Fitting the new front deck into place.
















I hope to have the front and rear deck fitted in by this weekend. I will be purchasing a small center console in the week or so. Sorry for such a long post. I will keep yall updated with the progress. I am ready to be back on the water!!!


----------



## mark_gardner

looks like your make some decent progress on a solid make over  congrats and keep the pictures coming


----------



## jrod0785

Thank you!! I got the rear deck finished today. I will cap off the front deck tomorrow. I hope to start glassing next weekend. I will post some pictures tomorrow!!


----------



## TidewateR

wow...a little paint goes a long way! Looks awesome!


----------



## jrod0785

Here are a few pictures of the rear deck in. I still got to finish capping off the front deck, and will have that done in the next day or so. Hope to start glassing it all in this weekend coming up.


----------



## Salty_South

looks awesome!


----------



## copperhead

I'm liking your attention to the detail of the cuts..

Very nice....


----------



## jrod0785

Havent updated very much on this. It is coming together though. Alot slower than I thought. Here are a few pics of where I am at with it now. All I have left to do is fiberglass the top of the rear deck and I am through with the glass work.


----------



## joshuabward

Looking really good, what are you going to do about an opening to the front deck?


----------



## jrod0785

There will be a decent size hatch going on the front deck. That is where my trolling motor battery will be stored. Just havent purchased the hatch yet.


----------



## jrod0785

Well, I am done with all the fiberglass work. I got a little bit of sanding to smooth things out on the inside and I am ready for paint. What do you guys think I should use to paint the inside? I thought about painting the inside with white gelcoat and then coming back and rolling the decks and floor with white non-skid. Or is that a bad combo? If it is, then I thought about using Interlux Perfection and then rolling there Interdeck non-skid. Money is tight, but at the same time, I would rather wait and do it right the first time around.


----------



## sr5boy

lookin good. I like that Yota son!


----------



## jrod0785

Thanks! I just need to figure out what I am going to use for paint and non-skid on the inside. There will be a center console going in there as well as a poleing platform on the back and a casting platform up front. I do love my truck though. Cant go wrong with a yota!!


----------



## jrod0785

Here are a few pics with the motor hung on it for a few minutes. I couldnt take it any more and had to see what it looked like to have it back on there...LOL


----------



## jrod0785

Does anybody have any experience with Interlux Brightside paint? I believe that is what I am going to use for the inside of my boat.


----------



## jrod0785

Anybody???


----------



## Brett

What type of resin did you use to do the fiberglass layup?


----------



## jrod0785

With the funds being tight and my wife being 5 months pregnant. I went with polyester resin. Is there certain paints I cant use with that type of resin?


----------



## Brett

If you used polyester resin, then you can use gelcoat.
The cost will be about the same as a similar quantity of decent paint.
White gelcoat can be tinted to a desired color, available at most marine stores.
Gelcoat can be applied with a paint roller to obtain an even finish,
and if the roller is rolled in a single direction just before it gels,
you end up with a very effective non-skid surface.
If you really want a gritty surface, a dusting of silica sand over the wet gelcoat
will give you a surface that'll remove flesh if rubbed against.

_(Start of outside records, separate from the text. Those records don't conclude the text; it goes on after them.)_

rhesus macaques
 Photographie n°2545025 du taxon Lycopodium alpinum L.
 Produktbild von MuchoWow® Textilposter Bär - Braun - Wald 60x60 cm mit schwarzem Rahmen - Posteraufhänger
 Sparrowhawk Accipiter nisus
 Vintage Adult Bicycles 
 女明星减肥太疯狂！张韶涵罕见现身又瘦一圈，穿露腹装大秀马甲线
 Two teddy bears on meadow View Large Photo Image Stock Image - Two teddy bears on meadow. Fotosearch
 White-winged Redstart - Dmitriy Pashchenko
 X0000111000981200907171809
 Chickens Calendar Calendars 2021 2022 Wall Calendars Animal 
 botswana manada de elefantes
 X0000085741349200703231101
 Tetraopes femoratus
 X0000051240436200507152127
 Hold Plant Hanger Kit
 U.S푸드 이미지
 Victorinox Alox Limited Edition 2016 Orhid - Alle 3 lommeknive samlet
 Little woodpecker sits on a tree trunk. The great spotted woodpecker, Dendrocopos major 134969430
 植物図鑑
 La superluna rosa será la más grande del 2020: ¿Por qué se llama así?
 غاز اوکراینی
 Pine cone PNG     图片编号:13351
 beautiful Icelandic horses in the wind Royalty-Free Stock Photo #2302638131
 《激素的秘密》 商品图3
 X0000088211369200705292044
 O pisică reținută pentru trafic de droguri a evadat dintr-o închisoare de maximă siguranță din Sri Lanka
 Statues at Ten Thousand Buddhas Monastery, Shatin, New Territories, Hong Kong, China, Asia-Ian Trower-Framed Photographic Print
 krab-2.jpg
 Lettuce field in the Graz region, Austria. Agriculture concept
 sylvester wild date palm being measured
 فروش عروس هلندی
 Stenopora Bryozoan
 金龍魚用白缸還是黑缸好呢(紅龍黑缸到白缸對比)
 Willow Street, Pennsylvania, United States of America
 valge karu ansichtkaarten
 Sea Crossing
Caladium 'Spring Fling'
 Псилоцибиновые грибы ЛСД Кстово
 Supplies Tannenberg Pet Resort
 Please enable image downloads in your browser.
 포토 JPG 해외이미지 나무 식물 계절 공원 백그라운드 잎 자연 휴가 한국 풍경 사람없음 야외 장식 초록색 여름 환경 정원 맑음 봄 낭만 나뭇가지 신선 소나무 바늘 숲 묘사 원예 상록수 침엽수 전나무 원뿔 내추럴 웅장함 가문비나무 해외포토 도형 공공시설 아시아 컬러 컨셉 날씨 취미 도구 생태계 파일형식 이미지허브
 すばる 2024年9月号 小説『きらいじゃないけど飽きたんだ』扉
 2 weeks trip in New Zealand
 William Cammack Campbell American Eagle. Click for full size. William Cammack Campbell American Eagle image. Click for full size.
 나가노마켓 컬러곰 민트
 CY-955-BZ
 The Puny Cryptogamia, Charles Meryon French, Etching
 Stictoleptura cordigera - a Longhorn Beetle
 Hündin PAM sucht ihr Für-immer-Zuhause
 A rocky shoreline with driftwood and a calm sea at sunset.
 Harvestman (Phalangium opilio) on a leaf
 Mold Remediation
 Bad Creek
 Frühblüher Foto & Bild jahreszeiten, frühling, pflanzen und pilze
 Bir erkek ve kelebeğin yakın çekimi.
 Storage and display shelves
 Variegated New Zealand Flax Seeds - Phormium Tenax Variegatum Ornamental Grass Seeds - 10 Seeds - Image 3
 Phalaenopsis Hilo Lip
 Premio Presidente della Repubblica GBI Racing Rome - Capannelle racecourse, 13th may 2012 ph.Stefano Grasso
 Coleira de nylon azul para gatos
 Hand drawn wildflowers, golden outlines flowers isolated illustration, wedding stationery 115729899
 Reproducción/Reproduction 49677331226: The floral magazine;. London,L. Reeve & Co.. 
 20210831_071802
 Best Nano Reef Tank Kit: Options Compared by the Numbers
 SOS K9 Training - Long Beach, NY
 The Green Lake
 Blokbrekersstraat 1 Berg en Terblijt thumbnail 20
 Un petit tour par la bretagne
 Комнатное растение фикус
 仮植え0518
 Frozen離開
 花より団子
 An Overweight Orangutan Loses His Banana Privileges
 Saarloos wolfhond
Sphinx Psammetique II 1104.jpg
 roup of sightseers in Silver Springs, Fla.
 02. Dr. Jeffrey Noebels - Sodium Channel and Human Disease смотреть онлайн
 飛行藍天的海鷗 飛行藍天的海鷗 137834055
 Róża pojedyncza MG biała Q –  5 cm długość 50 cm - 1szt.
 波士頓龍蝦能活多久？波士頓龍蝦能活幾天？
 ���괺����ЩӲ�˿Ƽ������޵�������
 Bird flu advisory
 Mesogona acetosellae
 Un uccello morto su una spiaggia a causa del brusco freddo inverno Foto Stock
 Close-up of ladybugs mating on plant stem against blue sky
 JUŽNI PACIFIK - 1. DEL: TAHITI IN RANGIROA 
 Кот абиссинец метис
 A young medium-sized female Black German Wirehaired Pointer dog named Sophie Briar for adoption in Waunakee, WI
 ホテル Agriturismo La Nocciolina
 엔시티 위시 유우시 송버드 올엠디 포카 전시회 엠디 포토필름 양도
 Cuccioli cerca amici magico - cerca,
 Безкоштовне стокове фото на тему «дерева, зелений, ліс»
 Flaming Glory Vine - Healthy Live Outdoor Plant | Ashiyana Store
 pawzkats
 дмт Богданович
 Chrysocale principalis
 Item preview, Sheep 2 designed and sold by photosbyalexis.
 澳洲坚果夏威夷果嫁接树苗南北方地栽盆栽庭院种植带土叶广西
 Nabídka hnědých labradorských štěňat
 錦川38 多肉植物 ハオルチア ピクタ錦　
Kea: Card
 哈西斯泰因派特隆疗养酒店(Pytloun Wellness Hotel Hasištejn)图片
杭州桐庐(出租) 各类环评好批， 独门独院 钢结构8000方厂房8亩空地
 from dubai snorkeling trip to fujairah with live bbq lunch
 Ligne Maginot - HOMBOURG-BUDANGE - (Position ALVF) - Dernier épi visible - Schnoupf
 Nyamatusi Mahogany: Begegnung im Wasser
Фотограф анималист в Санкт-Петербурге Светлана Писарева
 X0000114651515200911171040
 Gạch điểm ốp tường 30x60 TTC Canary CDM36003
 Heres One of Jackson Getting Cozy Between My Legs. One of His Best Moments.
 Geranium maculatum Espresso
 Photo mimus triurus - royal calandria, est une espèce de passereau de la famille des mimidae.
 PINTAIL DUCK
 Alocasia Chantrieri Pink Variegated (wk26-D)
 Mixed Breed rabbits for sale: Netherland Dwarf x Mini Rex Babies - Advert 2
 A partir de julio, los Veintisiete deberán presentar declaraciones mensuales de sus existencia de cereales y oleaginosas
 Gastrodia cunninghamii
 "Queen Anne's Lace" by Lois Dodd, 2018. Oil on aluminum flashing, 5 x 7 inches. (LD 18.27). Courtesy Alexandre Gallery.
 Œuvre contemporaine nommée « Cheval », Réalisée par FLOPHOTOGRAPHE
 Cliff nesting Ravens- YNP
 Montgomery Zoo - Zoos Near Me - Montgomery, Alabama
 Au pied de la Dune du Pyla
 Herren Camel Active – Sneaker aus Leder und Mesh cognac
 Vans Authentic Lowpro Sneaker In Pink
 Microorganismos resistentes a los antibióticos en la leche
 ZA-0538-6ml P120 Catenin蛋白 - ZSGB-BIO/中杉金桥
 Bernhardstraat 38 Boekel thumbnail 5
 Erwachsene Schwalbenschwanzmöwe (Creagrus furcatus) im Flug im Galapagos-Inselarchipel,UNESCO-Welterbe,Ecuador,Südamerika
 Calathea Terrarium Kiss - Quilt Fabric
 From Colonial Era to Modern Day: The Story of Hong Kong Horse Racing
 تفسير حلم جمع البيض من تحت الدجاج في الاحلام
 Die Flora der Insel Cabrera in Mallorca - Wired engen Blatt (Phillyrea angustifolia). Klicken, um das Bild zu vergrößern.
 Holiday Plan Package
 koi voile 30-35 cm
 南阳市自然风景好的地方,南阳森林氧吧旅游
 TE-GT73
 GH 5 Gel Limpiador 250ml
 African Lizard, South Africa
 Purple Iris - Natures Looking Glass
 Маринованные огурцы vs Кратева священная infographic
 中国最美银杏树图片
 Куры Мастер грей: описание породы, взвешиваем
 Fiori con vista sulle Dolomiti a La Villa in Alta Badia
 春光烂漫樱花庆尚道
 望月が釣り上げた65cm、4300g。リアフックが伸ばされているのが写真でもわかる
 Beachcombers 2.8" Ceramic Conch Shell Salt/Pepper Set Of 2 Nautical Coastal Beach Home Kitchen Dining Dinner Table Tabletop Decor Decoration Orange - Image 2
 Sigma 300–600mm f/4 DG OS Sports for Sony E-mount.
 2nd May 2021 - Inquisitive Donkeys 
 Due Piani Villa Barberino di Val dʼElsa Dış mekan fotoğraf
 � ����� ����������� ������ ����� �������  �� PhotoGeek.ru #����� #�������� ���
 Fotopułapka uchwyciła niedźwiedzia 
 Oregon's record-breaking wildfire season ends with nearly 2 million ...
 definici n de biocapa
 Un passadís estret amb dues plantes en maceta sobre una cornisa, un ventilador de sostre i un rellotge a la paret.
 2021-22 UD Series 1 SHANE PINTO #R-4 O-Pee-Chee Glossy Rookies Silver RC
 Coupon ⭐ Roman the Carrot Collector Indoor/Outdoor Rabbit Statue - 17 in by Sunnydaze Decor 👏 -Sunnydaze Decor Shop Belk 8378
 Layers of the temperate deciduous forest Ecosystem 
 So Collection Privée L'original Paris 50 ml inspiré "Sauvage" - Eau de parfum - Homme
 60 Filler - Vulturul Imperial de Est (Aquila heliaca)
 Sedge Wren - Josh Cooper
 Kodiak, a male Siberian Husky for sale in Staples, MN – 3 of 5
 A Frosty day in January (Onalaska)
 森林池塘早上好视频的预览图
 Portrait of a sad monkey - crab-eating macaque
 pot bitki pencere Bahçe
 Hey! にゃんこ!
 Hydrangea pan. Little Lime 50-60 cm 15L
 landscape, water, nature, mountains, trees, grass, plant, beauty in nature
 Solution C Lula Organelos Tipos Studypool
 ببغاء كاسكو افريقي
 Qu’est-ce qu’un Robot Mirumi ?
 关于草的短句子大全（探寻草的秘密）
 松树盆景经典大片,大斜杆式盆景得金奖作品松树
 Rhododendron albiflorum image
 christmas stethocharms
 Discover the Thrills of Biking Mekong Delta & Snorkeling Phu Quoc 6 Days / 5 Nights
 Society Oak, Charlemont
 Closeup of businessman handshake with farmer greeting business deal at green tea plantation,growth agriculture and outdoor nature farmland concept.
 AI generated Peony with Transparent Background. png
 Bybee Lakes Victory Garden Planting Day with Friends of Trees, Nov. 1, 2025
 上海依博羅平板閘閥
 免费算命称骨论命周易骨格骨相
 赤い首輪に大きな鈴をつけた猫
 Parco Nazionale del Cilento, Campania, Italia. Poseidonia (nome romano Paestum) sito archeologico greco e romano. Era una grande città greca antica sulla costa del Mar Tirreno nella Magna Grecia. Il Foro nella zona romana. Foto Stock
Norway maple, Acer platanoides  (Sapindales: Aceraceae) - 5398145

http://www.jamestowndistributors.com/userportal/show_product.do?pid=1522&familyName=Colored+Air+Dry+Gelcoats


----------



## jrod0785

Thanks Brett!! I painted my boat once with white Gelcoat a long time ago. And I was pleased with how durable it seemed. It just didnt have the finish I wanted for the outside of the boat. But it does have the finish I want for the inside. If I decided to to roll non skid on and not do the dusting of silica, can any non skid be rolled right over the top of that gelcoat? And I see there are waxed and non waxed gelcoats. Which one?


----------



## Brett

Don't apply non-skid paint over gelcoat.
Apply non-skid grit to the gelcoat while still sticky.
You can produce a non-skid surface easily with the application roller
by simply continuing to roll the gelcoat while it hardens.
The roller will create raised pattern trails in the gelcoat
as the roller pulls the hardening surface upwards.
The longer you roll it the rougher the surface will become.
Try it on a small area first to learn the trick, you'll surprise yourself with the results.
Waxed gelcoat is what you want. You're going to apply a single thick coating.
Without the wax, the gelcoat will not cure properly
and the surface will feel sticky to the touch.


----------



## jrod0785

Gotcha!! Thanks for the help!! I hope to start paint within the next week or so. Got to do a little bit of sanding to clean things up a bit first.


----------



## jrod0785

Progress has been slow. Picking up a hatch for the front deck and the paint this week. Hope to be done with in the next month. I am all done with the fiberglass work. Here is a pic where I stand with it now.


----------



## jrod0785

Well, I got the first coat of paint on it. Going to do one more coat and then I will have to do the non-skid on the decks and floor. Here are a few pics of where I stand with it now. Got to find something to tone down the white now. Because its bright in the sun!


----------



## Un-shore

beauty! looks like a pathfinder.


----------



## jrod0785

Thanks un-shore!! Still got quite a bit of work to do. Seems like the money is the biggest issue!!..LOL


----------



## Un-shore

don't I know it!  

It will be worth it when it's done.


----------



## paint it black

Looks slick!
Great job!!


----------



## jrod0785

Thanks str8!! I am still trying to figure out what I am going to use for the non-skid. I am thinking about tenting the white gel coat to a certain color to tone it down a bit as well. I looked at interlux's intergrip and that stuff was $45 for a small can of it as West Marine. Is there any other stuff that is a little cheaper I can use to mix into the gel coat to get a non skid? Anybody have any suggestions? Thanks again!!


----------



## Brett

See my previous reply above...


----------



## jrod0785

Thanks Brett!! I am wanting to do the non skid in another color...What do I need to do to achieve that? And I know this might be a dumb idea, but I had my boat sprayed one time with speedliner. I can get that stuff in white and thought about doing the decks and floor in white liner material?? And it can be tented as well. Any thoughts on that one??


----------



## Brett

Never worked with Speedliner,
you'll need someone else to answer that one.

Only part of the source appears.